I learned how to make pasta from scratch just about a year ago. Ever since then, I’ve been obsessed with trying to get the perfect ravioli. My biggest challenge was getting the perfect shape, with the beautiful looking pillow top of filling, the perfect scalloped edges and consistently sized, every single time.

I started out going kind of free style like I learned in the class I took at The Chopping Block. (If you haven’t been there, consider checking them out the next time you need something for the kitchen or want to take a cooking class. They know their stuff and I’d rather give them my money than some big box culinary store. Although some of those stores have a place in my heart, too. I digress.) Some of my earlier ravioli turned out flat, too big or too small to fit the amount of filling and some just fell apart once they hit the water. I even tried this tool, which only sent me on a profanity-laden rage when the pasta got stuck to the mold and screwed everything up. The taste was always pretty good, but the final product and presentation was missing what I was aiming for.

Today, I decided to try that mold again. This time, I decided I’d coat it with flour first. I’d show that ravioli maker who was boss. So I went about rolling the dough, filling it with my goat cheese filling, and when I turned it over – YES! It fell right out all in a perfect, beautiful sheet of lovely, pillow-topped ravioli.


Unfortunately, that’s where the near visual perfection ends. It’s apparent that I have much to learn in the art of ravioli making. Although my uncooked ravioli looked awesome, once cooked, some fell apart. Almost all had been deflated. I think what did them in was too much air inside with the filling and a weak sealing. Bummers. To be fair, this is only my 4th time making ravioli.

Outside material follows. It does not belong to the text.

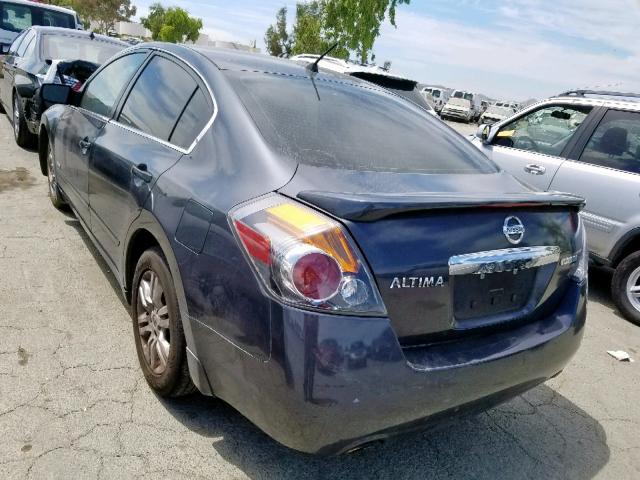 1N4CL2AP7AC125031 - 2010 NISSAN ALTIMA HYB GRAY photo 3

However – the butter sauce was AWESOME. Shallots are my new best friend. Next time you’re making a sauce or dressing that calls for garlic, consider using a shallot instead. The flavor is just amazing.




Pasta dough

  • 2 cups unbleached flour or whole wheat flour
  • ¼ cup semolina flour
  • 3 eggs

Pasta filling

  • 10oz soft goat cheese
  • ¼ parmesan cheese, finely grated
  • Black pepper, to taste

Herbed butter sauce

  • 4 tbs butter
  • 2 tbs shallot, finely minced
  • ¼ cup white wine
  • Lemon zest
  • Green herbs, such as parsley, tarragon or fresh sage

Make the pasta

Mix all ingredients together either by forming a well in the center of the flour and folding in the eggs, or by putting everything into a food processor and use the dough attachment and mix on low until a ball of dough forms. Knead the dough, then seal in plastic wrap and store in the fridge until ready to use. Let the dough rest for at least 30 minutes if you can. Longer is better and the dough can stay in the fridge for up to 2 days. I usually let the pasta sit out for about 20 minutes before I begin to roll it out.

Make the filling

Mix the cheeses together in a bowl, add the pepper to taste. Store in the fridge until 20 minutes before you’re ready to use. Letting it warm up before using will make it easier to work with when filling the pasta.

Cook the pasta in salted water for 3-5 minutes.

Make the pan sauce

Just as you drop the pasta, melt the butter and add the shallots. Once the shallots become aromatic, add the wine and reduce by half. Add the herbs and cook for another 2 minutes. Add the ravioli to the pan and cook together for another 1-2 minutes. Serve the ravioli with the sauce, and garnish with extra parsley.